## Exercise requirements
Could you write out all the records once more, exactly?

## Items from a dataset
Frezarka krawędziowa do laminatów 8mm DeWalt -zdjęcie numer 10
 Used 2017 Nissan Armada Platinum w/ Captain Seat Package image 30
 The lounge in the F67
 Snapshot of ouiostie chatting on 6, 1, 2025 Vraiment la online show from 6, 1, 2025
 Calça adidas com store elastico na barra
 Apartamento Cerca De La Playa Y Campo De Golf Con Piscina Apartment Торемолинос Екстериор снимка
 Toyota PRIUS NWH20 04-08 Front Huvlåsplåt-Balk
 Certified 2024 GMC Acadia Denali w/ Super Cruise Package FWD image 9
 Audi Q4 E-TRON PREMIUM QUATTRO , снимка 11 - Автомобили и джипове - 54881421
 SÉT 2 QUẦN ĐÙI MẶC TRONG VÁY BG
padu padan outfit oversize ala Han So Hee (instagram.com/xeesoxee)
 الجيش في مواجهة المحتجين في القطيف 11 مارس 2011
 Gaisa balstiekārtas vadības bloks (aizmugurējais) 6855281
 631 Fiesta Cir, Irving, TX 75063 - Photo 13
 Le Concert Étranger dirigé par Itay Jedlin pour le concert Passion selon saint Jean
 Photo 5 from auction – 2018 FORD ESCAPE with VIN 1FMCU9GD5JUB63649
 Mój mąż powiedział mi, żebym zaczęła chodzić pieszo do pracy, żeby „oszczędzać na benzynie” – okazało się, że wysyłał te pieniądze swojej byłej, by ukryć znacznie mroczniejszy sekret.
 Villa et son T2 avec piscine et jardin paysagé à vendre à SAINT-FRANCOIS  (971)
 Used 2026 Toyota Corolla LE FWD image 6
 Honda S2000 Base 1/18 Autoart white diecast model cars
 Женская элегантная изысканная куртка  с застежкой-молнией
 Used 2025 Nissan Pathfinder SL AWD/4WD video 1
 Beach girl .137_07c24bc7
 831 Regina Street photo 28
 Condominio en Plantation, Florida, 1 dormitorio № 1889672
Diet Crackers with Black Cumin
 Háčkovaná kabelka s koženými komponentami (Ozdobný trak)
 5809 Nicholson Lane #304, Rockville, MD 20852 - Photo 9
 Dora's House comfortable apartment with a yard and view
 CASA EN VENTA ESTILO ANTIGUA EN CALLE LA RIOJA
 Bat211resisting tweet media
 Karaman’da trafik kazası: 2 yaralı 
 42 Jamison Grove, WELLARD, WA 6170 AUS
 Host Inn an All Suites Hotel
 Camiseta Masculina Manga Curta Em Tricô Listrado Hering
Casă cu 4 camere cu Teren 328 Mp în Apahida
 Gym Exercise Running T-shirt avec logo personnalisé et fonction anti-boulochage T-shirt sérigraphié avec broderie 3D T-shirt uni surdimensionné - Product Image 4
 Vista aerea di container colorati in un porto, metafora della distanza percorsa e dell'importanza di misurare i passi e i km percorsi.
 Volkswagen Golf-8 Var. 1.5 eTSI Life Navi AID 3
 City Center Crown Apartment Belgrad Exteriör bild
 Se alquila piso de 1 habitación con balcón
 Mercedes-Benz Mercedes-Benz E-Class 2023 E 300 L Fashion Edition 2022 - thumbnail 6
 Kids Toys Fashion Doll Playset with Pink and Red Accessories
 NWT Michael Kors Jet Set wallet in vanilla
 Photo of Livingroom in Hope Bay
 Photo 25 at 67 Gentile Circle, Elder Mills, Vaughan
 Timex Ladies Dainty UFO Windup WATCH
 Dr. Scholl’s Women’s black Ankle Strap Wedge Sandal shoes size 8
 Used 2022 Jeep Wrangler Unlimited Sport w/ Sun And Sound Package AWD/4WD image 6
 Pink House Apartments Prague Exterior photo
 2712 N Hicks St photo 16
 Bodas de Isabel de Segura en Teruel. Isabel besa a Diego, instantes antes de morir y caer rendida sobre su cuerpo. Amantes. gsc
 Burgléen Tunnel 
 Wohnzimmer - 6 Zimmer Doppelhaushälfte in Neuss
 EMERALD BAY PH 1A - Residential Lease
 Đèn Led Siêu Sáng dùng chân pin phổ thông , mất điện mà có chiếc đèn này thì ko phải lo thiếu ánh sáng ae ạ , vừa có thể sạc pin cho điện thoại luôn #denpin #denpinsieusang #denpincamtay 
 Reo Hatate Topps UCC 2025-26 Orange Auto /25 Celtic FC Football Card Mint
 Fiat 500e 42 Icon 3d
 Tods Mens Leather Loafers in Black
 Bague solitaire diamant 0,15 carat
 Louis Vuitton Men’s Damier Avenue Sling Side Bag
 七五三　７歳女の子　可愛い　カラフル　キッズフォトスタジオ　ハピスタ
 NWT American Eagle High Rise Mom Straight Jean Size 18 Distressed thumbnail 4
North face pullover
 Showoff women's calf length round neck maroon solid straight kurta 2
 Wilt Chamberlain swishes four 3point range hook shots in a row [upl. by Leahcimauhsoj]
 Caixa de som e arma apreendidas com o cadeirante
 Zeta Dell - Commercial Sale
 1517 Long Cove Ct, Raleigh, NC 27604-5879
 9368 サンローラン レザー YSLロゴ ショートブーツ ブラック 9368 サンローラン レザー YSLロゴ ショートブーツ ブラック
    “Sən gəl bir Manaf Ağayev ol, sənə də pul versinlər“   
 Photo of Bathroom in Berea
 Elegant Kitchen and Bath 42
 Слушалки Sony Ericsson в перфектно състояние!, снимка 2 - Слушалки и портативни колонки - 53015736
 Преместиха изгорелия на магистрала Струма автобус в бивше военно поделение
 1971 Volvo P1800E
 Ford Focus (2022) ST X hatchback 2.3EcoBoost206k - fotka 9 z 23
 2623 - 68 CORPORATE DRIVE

## Result
Frezarka krawędziowa do laminatów 8mm DeWalt -zdjęcie numer 10
 Used 2017 Nissan Armada Platinum w/ Captain Seat Package image 30
 The lounge in the F67
 Snapshot of ouiostie chatting on 6, 1, 2025 Vraiment la online show from 6, 1, 2025
 Calça adidas com store elastico na barra
 Apartamento Cerca De La Playa Y Campo De Golf Con Piscina Apartment Торемолинос Екстериор снимка
 Toyota PRIUS NWH20 04-08 Front Huvlåsplåt-Balk
 Certified 2024 GMC Acadia Denali w/ Super Cruise Package FWD image 9
 Audi Q4 E-TRON PREMIUM QUATTRO , снимка 11 - Автомобили и джипове - 54881421
 SÉT 2 QUẦN ĐÙI MẶC TRONG VÁY BG
padu padan outfit oversize ala Han So Hee (instagram.com/xeesoxee)
 الجيش في مواجهة المحتجين في القطيف 11 مارس 2011
 Gaisa balstiekārtas vadības bloks (aizmugurējais) 6855281
 631 Fiesta Cir, Irving, TX 75063 - Photo 13
 Le Concert Étranger dirigé par Itay Jedlin pour le concert Passion selon saint Jean
 Photo 5 from auction – 2018 FORD ESCAPE with VIN 1FMCU9GD5JUB63649
 Mój mąż powiedział mi, żebym zaczęła chodzić pieszo do pracy, żeby „oszczędzać na benzynie” – okazało się, że wysyłał te pieniądze swojej byłej, by ukryć znacznie mroczniejszy sekret.
 Villa et son T2 avec piscine et jardin paysagé à vendre à SAINT-FRANCOIS  (971)
 Used 2026 Toyota Corolla LE FWD image 6
 Honda S2000 Base 1/18 Autoart white diecast model cars
 Женская элегантная изысканная куртка  с застежкой-молнией
 Used 2025 Nissan Pathfinder SL AWD/4WD video 1
 Beach girl .137_07c24bc7
 831 Regina Street photo 28
 Condominio en Plantation, Florida, 1 dormitorio № 1889672
Diet Crackers with Black Cumin
 Háčkovaná kabelka s koženými komponentami (Ozdobný trak)
 5809 Nicholson Lane #304, Rockville, MD 20852 - Photo 9
 Dora's House comfortable apartment with a yard and view
 CASA EN VENTA ESTILO ANTIGUA EN CALLE LA RIOJA
 Bat211resisting tweet media
 Karaman’da trafik kazası: 2 yaralı 
 42 Jamison Grove, WELLARD, WA 6170 AUS
 Host Inn an All Suites Hotel
 Camiseta Masculina Manga Curta Em Tricô Listrado Hering
Casă cu 4 camere cu Teren 328 Mp în Apahida
 Gym Exercise Running T-shirt avec logo personnalisé et fonction anti-boulochage T-shirt sérigraphié avec broderie 3D T-shirt uni surdimensionné - Product Image 4
 Vista aerea di container colorati in un porto, metafora della distanza percorsa e dell'importanza di misurare i passi e i km percorsi.
 Volkswagen Golf-8 Var. 1.5 eTSI Life Navi AID 3
 City Center Crown Apartment Belgrad Exteriör bild
 Se alquila piso de 1 habitación con balcón
 Mercedes-Benz Mercedes-Benz E-Class 2023 E 300 L Fashion Edition 2022 - thumbnail 6
 Kids Toys Fashion Doll Playset with Pink and Red Accessories
 NWT Michael Kors Jet Set wallet in vanilla
 Photo of Livingroom in Hope Bay
 Photo 25 at 67 Gentile Circle, Elder Mills, Vaughan
 Timex Ladies Dainty UFO Windup WATCH
 Dr. Scholl’s Women’s black Ankle Strap Wedge Sandal shoes size 8
 Used 2022 Jeep Wrangler Unlimited Sport w/ Sun And Sound Package AWD/4WD image 6
 Pink House Apartments Prague Exterior photo
 2712 N Hicks St photo 16
 Bodas de Isabel de Segura en Teruel. Isabel besa a Diego, instantes antes de morir y caer rendida sobre su cuerpo. Amantes. gsc
 Burgléen Tunnel 
 Wohnzimmer - 6 Zimmer Doppelhaushälfte in Neuss
 EMERALD BAY PH 1A - Residential Lease
 Đèn Led Siêu Sáng dùng chân pin phổ thông , mất điện mà có chiếc đèn này thì ko phải lo thiếu ánh sáng ae ạ , vừa có thể sạc pin cho điện thoại luôn #denpin #denpinsieusang #denpincamtay 
 Reo Hatate Topps UCC 2025-26 Orange Auto /25 Celtic FC Football Card Mint
 Fiat 500e 42 Icon 3d
 Tods Mens Leather Loafers in Black
 Bague solitaire diamant 0,15 carat
 Louis Vuitton Men’s Damier Avenue Sling Side Bag
 七五三　７歳女の子　可愛い　カラフル　キッズフォトスタジオ　ハピスタ
 NWT American Eagle High Rise Mom Straight Jean Size 18 Distressed thumbnail 4
North face pullover
 Showoff women's calf length round neck maroon solid straight kurta 2
 Wilt Chamberlain swishes four 3point range hook shots in a row [upl. by Leahcimauhsoj]
 Caixa de som e arma apreendidas com o cadeirante
 Zeta Dell - Commercial Sale
 1517 Long Cove Ct, Raleigh, NC 27604-5879
 9368 サンローラン レザー YSLロゴ ショートブーツ ブラック 9368 サンローラン レザー YSLロゴ ショートブーツ ブラック
    “Sən gəl bir Manaf Ağayev ol, sənə də pul versinlər“   
 Photo of Bathroom in Berea
 Elegant Kitchen and Bath 42
 Слушалки Sony Ericsson в перфектно състояние!, снимка 2 - Слушалки и портативни колонки - 53015736
 Преместиха изгорелия на магистрала Струма автобус в бивше военно поделение
 1971 Volvo P1800E
 Ford Focus (2022) ST X hatchback 2.3EcoBoost206k - fotka 9 z 23
 2623 - 68 CORPORATE DRIVE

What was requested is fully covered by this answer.